使用查找表更改数据框的多个列中的值 [英] Change values in multiple columns of a dataframe using a lookup table

查看:54
本文介绍了使用查找表更改数据框的多个列中的值的处理方法,对大家解决问题具有一定的参考价值,需要的朋友们下面随着小编来一起学习吧!

问题描述

我正在尝试使用查找表一次更改多个列的值.它们都使用相同的查找表.我知道如何仅对一列执行此操作-我只会使用merge,但是在处理多列时遇到了麻烦.

I am trying to change the value of a number of columns at once using a lookup table. They all use the same lookup table.

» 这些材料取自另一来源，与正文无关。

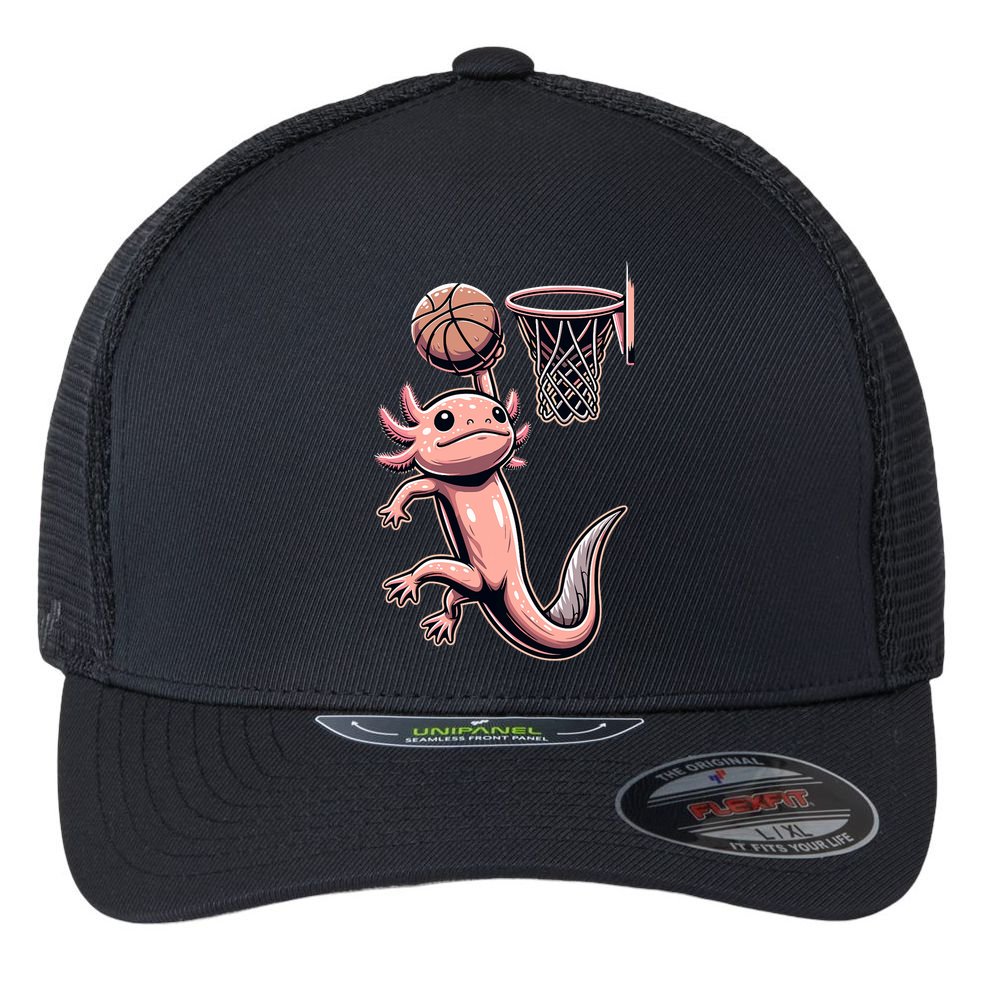 Axolotl Basketball Player Basketballer Sports Flexfit Unipanel Trucker Cap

I know how to do this for just one column -- I'd just use a merge, but am having trouble with multiple columns.

下面是一个示例数据框和一个示例查找表.我的实际数据要大得多(约8列10K列).

Below is an example dataframe and an example lookup table. My actual data is much larger (~10K columns with 8 rows).

example <- data.frame(a = seq(1,5), b = seq(5,1), c=c(1,4,3,2,5))

lookup <- data.frame(number = seq(1,5), letter = LETTERS[seq(1,5)])

理想情况下,我最终得到一个看起来像这样的数据框:

Ideally, I would end up with a dataframe which looks like this:

example_of_ideal_output <- data.frame(a = LETTERS[seq(1,5)], b = LETTERS[seq(5,1)], c=LETTERS[c(1,4,3,2,5)])

当然,在我的实际数据中,数据帧是数字,但是查找表要复杂得多,所以我不能仅仅使用LETTERS之类的函数来解决问题.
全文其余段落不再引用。